*** Given records ***
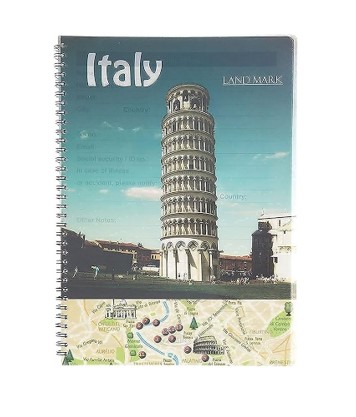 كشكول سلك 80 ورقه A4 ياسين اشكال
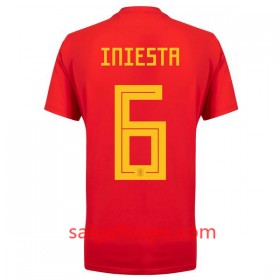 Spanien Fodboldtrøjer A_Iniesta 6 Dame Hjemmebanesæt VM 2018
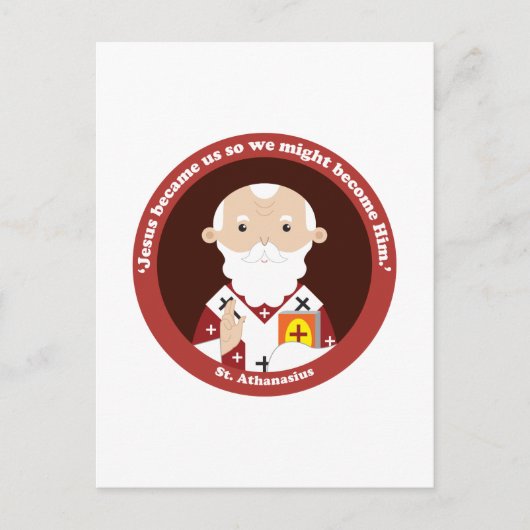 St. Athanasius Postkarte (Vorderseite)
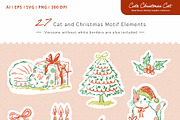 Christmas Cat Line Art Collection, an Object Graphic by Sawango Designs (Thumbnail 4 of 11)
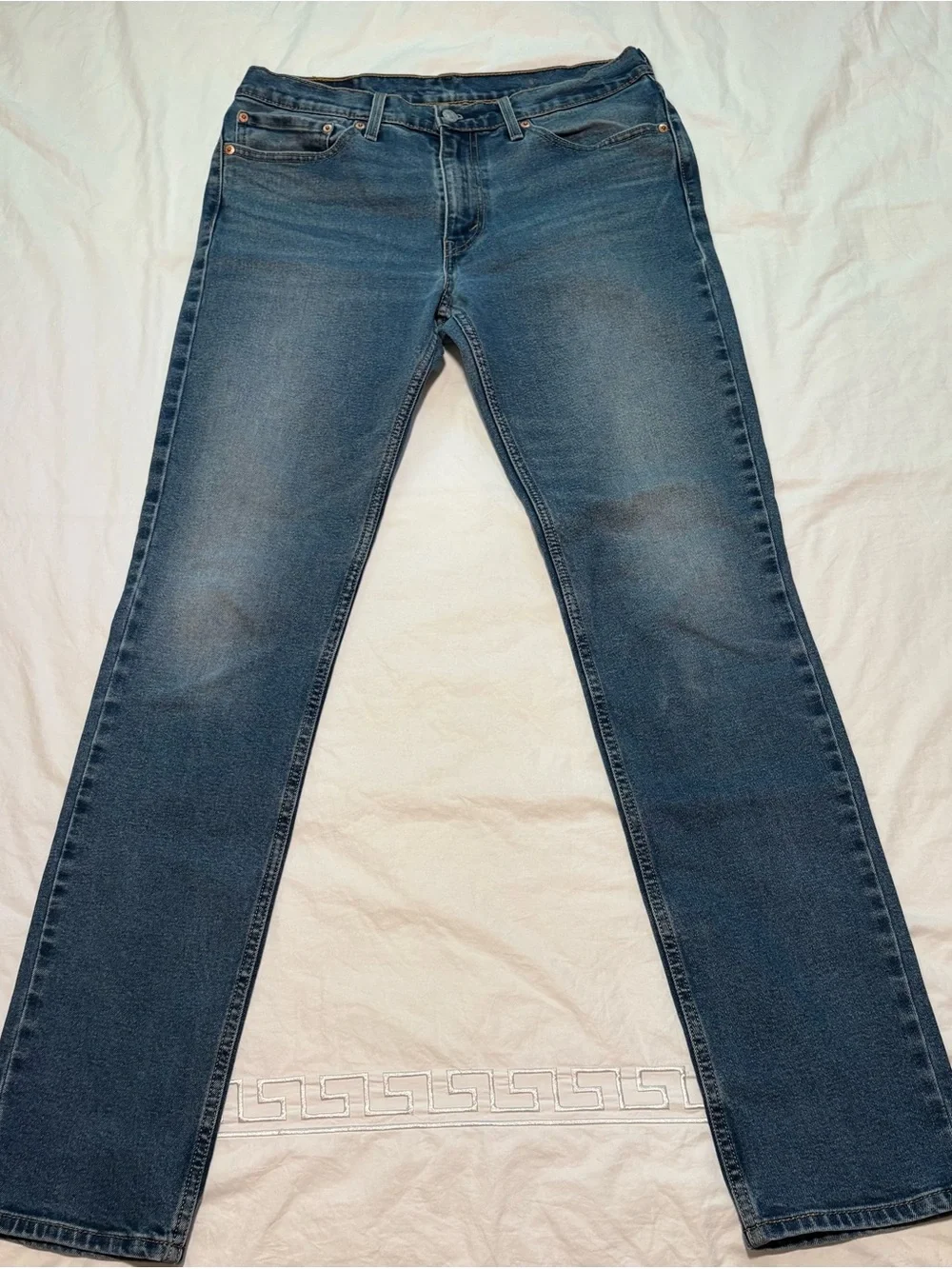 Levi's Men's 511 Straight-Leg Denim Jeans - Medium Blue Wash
*** End of Given records ***
• _Work task_
Could every line above be set down exactly, with the pictures omitted?

• _Result of this task_
 كشكول سلك 80 ورقه A4 ياسين اشكال
 Spanien Fodboldtrøjer A_Iniesta 6 Dame Hjemmebanesæt VM 2018
 St. Athanasius Postkarte (Vorderseite)
 Christmas Cat Line Art Collection, an Object Graphic by Sawango Designs (Thumbnail 4 of 11)
 Levi's Men's 511 Straight-Leg Denim Jeans - Medium Blue Wash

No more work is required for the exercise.